- TASK PROMPT
Quote exactly the lines from the one with "Lyndsay Faye: Seven for a secret (2013)" to the end of the data, both included; omit the pictures.

- INPUT FOR THIS TASK

________________

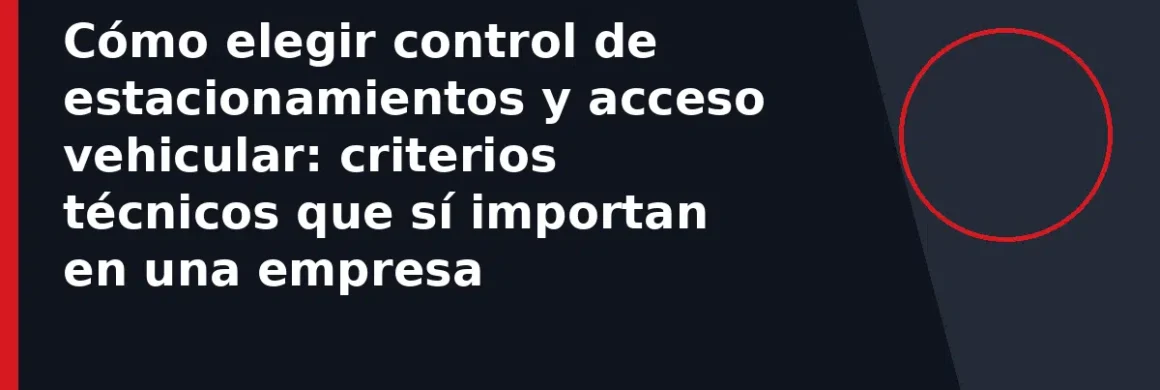 Cómo elegir control de estacionamientos y acceso vehicular: criterios técnicos que sí importan en una empresa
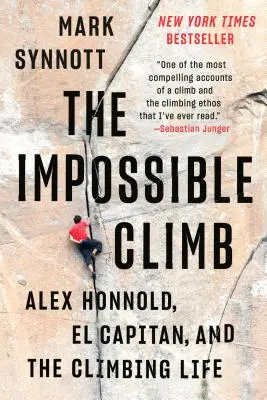 Nemožný výstup: Alex Honnold, El Capitan a horolezecký život. - The Impossible Climb: Alex Honnold, El Capitan, and the Climbing Life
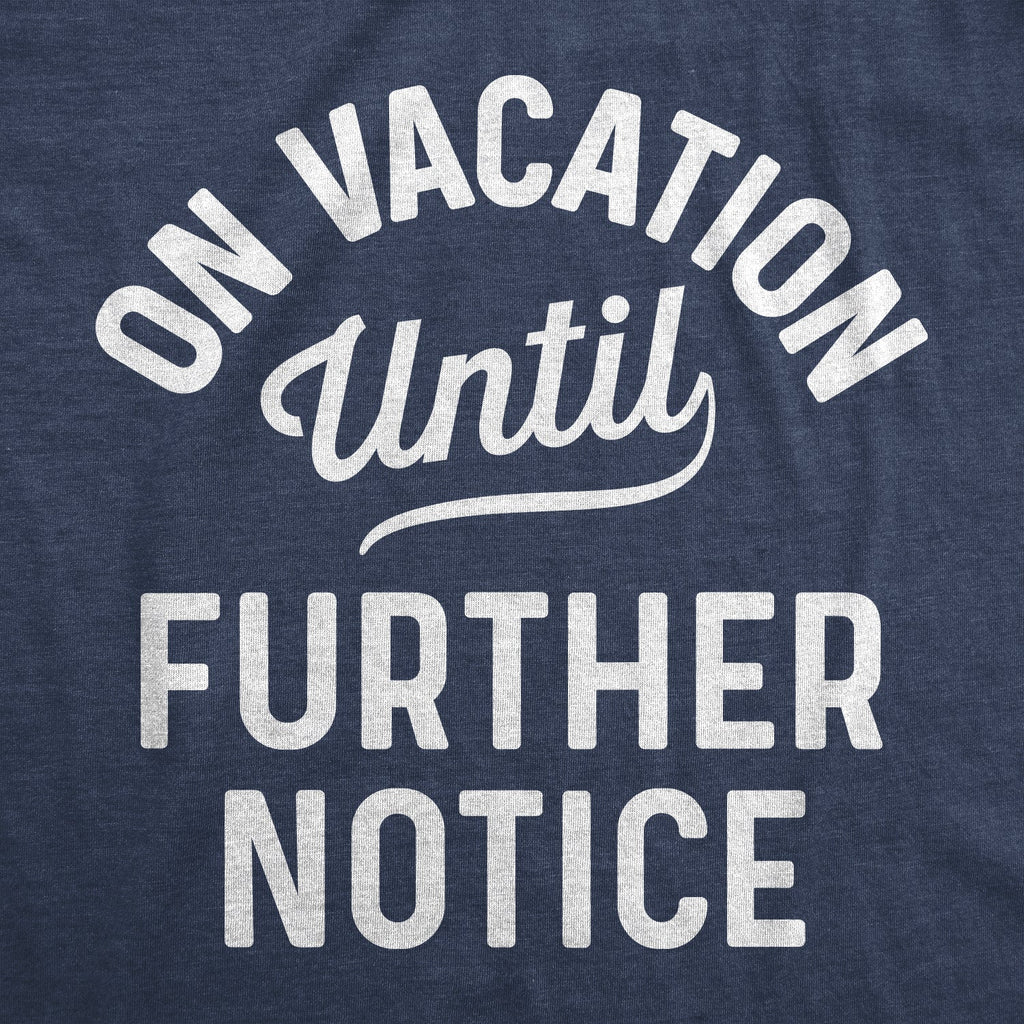 On Vacation Until Further Notice Men's T Shirt product image 7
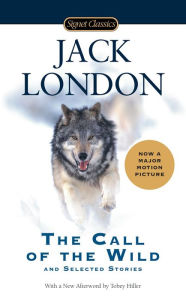 Title: The Call of the Wild and Selected Stories, Author: Jack London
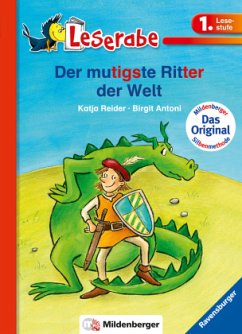 Der mutigste Ritter der Welt - Leserabe 1. Klasse - Erstlesebuch für Kinder ab 6 Jahren - Reider, Katja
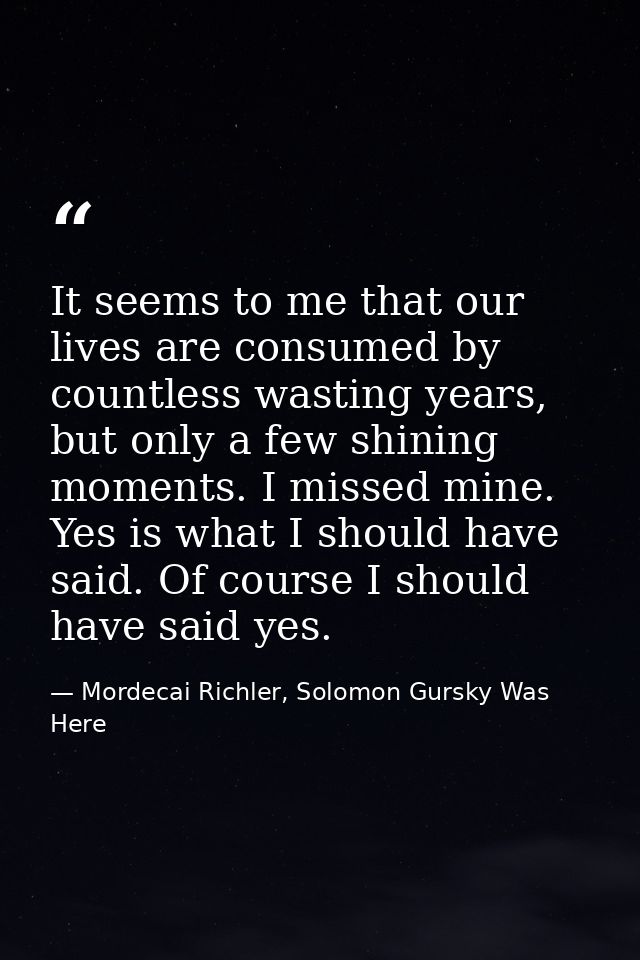 It seems to me that our lives are consumed by countless wasting years, but only a few shining moments. I missed mine. Ye — Mordecai Richler, Solomon Gursky Was Here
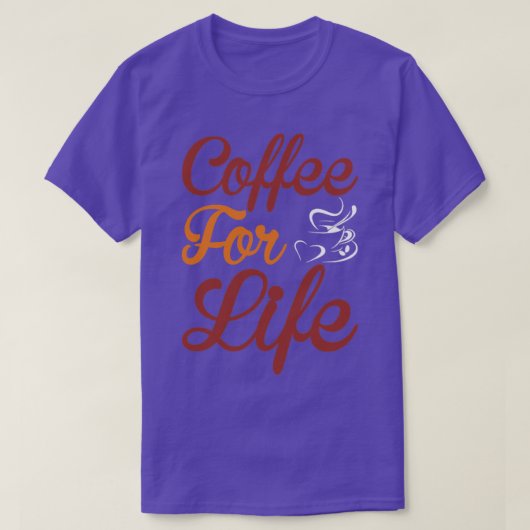 T-shirt café à vie (Design devant)
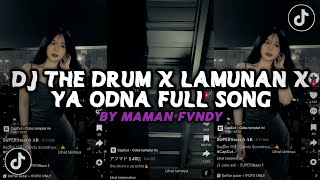 Download lagu DJ THE DRUM X LAMUNAN X YA ODNA FULL SONG MENGKANE BY MAMAN FVNDY mp3 Download lagu DJ THE DRUM X LAMUNAN X YA ODNA FULL SONG MENGKANE BY MAMAN FVNDY mp3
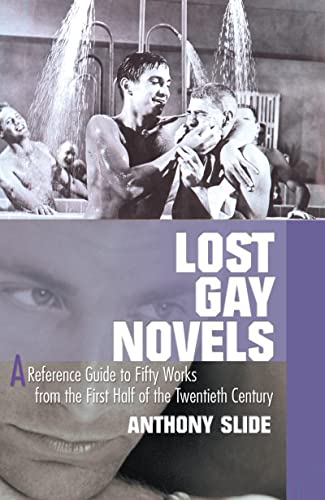 Lost Gay Novels: A Reference Guide to Fifty Works from the First Half of the Twentieth Century (9781560234135) by Slide, Anthony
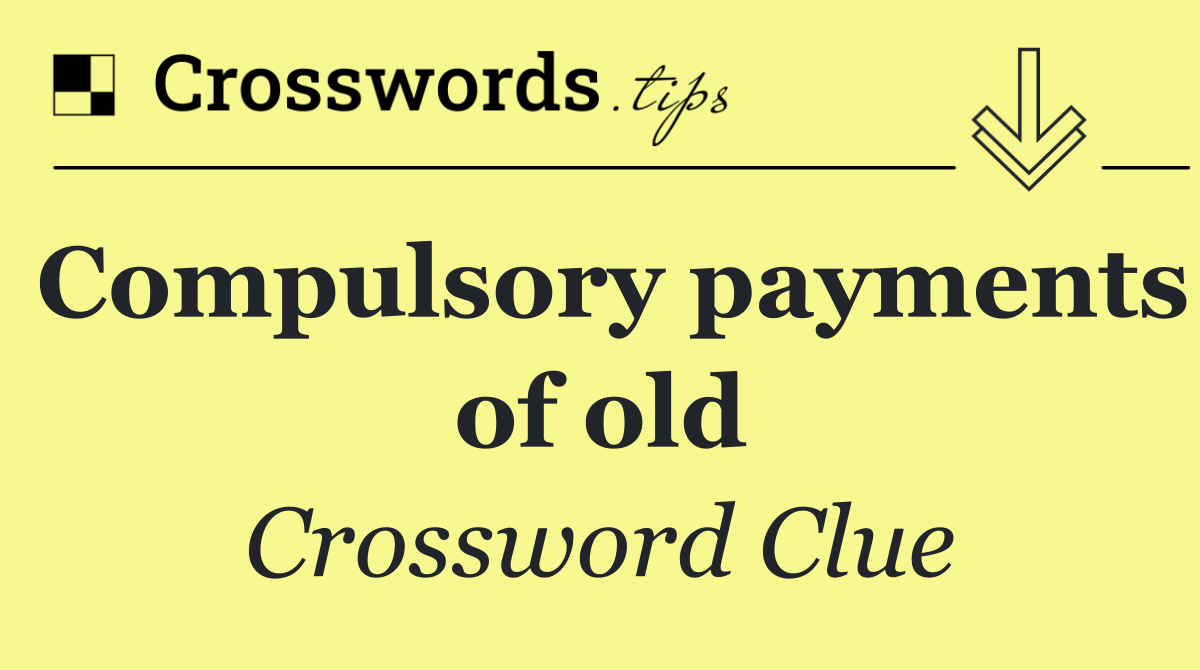 Compulsory payments of old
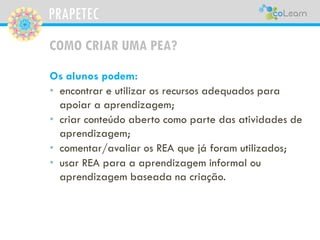 PRAPETEC
COMO CRIAR UMA PEA?
Os alunos podem:
• encontrar e utilizar os recursos adequados para
apoiar a aprendizagem;
• criar conteúdo aberto como parte das atividades de
aprendizagem;
• comentar/avaliar os REA que já foram utilizados;
• usar REA para a aprendizagem informal ou
aprendizagem baseada na criação.
 
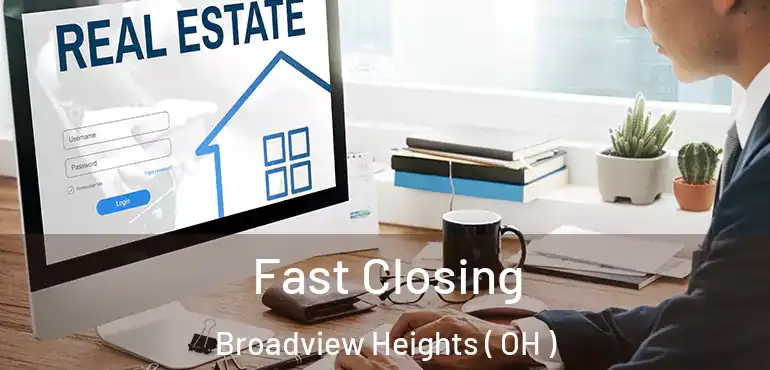 Fast Closing Broadview Heights ( OH )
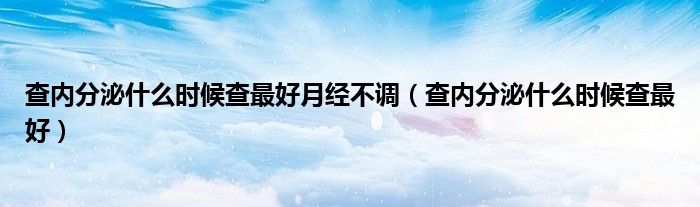 查內(nèi)分泌什么時(shí)候查最好月經(jīng)不調(diào)（查內(nèi)分泌什么時(shí)候查最好）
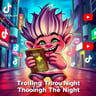 Trolling Through The Night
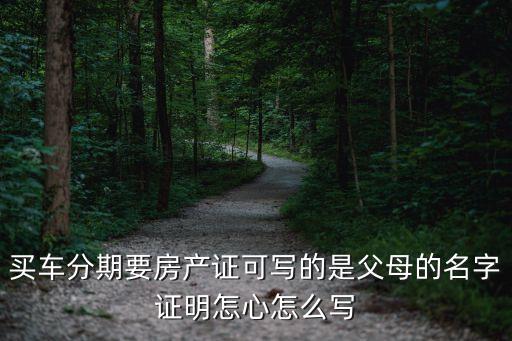 汽車貸款有房產(chǎn)證明怎么寫，買車分期要房產(chǎn)證可寫的是父母的名字證明怎心怎么寫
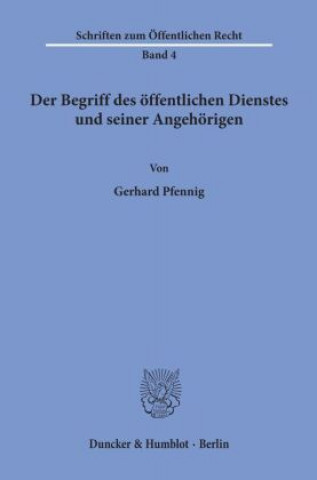 Carte Der Begriff des öffentlichen Dienstes und seiner Angehörigen. Gerhard Pfennig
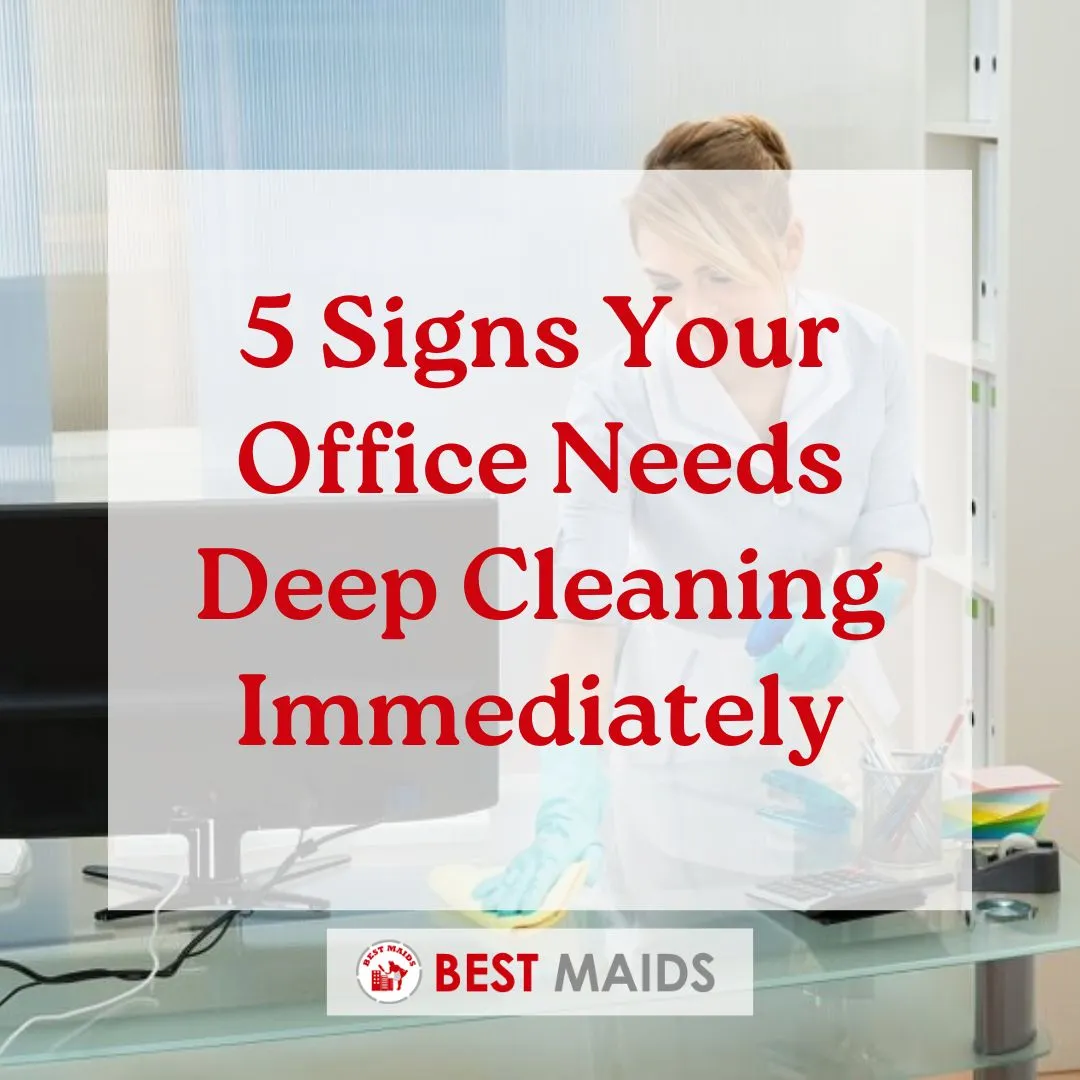 5 Signs Your Office Needs Deep Cleaning Immediately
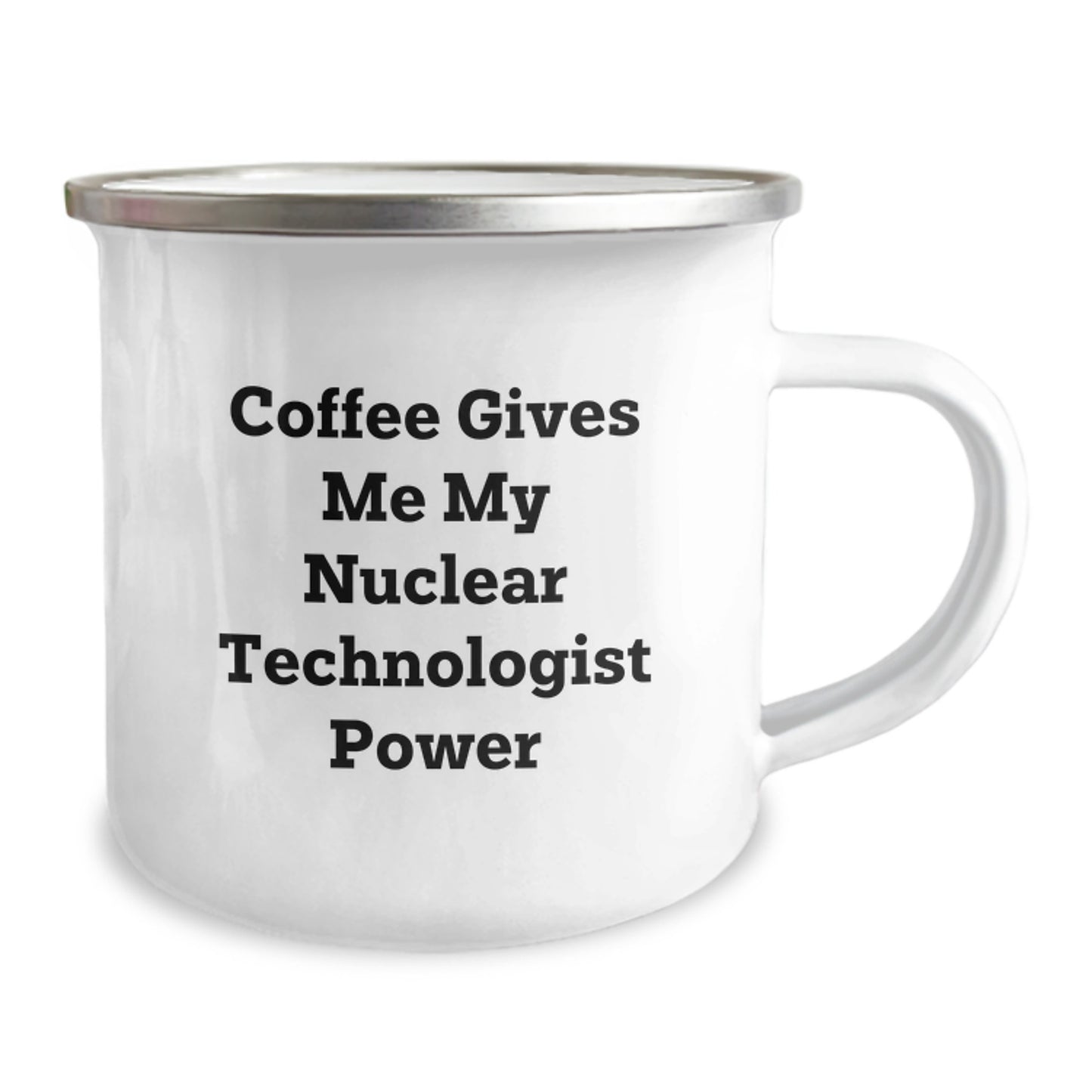 Funny Nuclear Technologist Gifts from Family Members - Nuclear Technologist Camping Mug with Coffee Gives Me My Power - Image 2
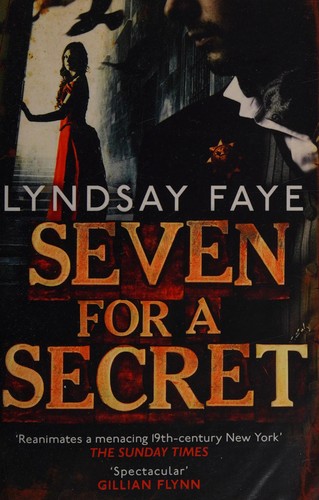Lyndsay Faye: Seven for a secret (2013)
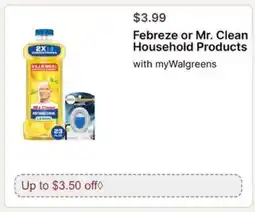 Walgreens Febreze or Mr. Clean Household Products offer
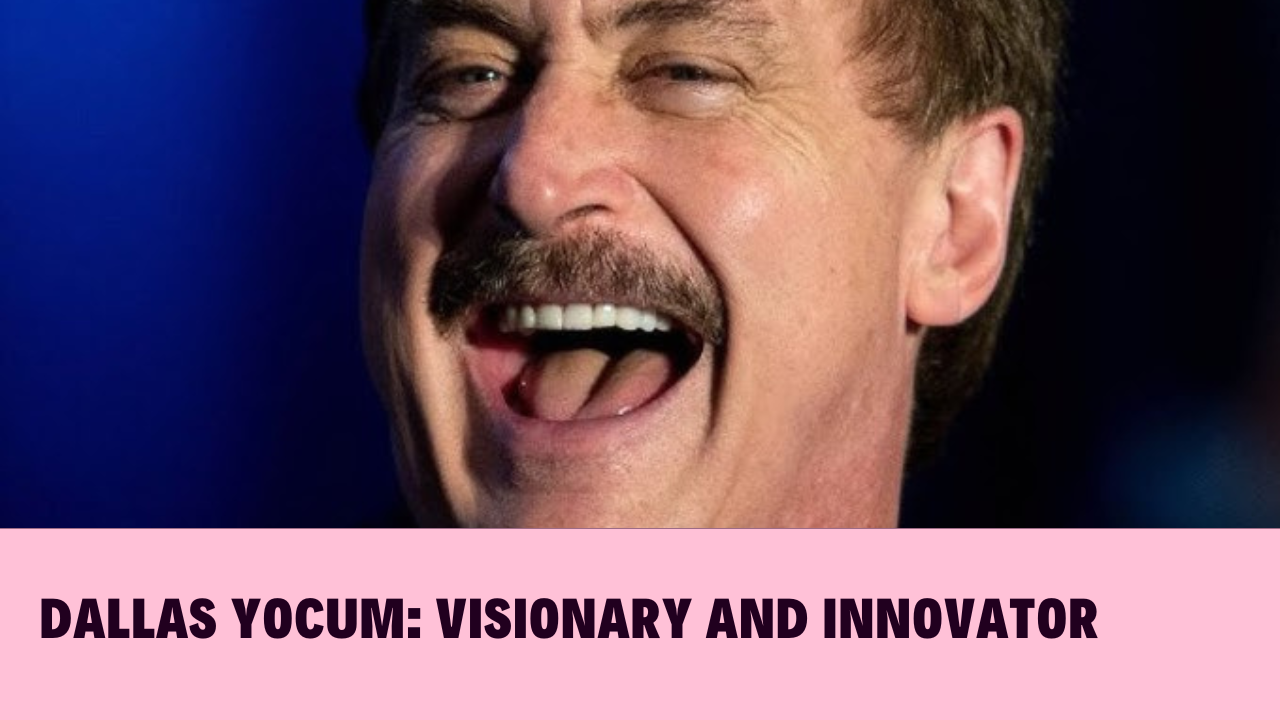 Dallas Yocum: Visionary and Innovator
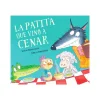 Cuentos y Libros Infantiles La Patita Que Vino A Cenar Shop
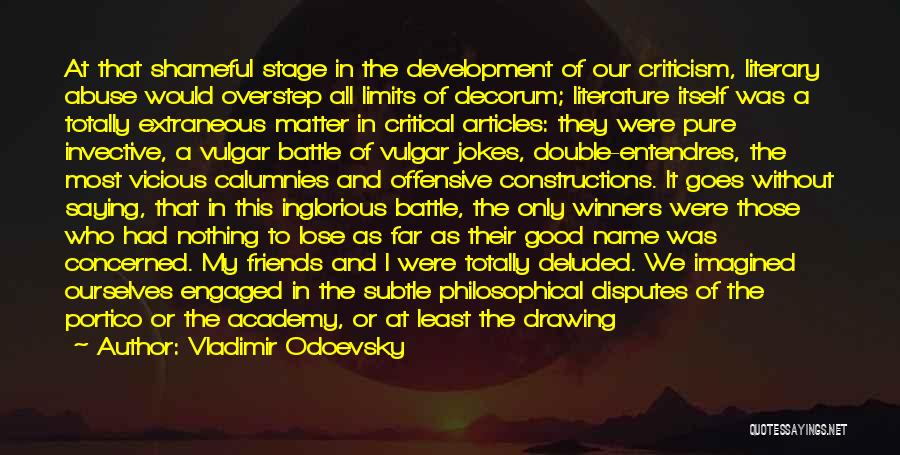 Inglorious Quotes By Vladimir Odoevsky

________________

- ANSWER SECTION
Lyndsay Faye: Seven for a secret (2013)
 Walgreens Febreze or Mr. Clean Household Products offer
 Dallas Yocum: Visionary and Innovator
 Cuentos y Libros Infantiles La Patita Que Vino A Cenar Shop
 Inglorious Quotes By Vladimir Odoevsky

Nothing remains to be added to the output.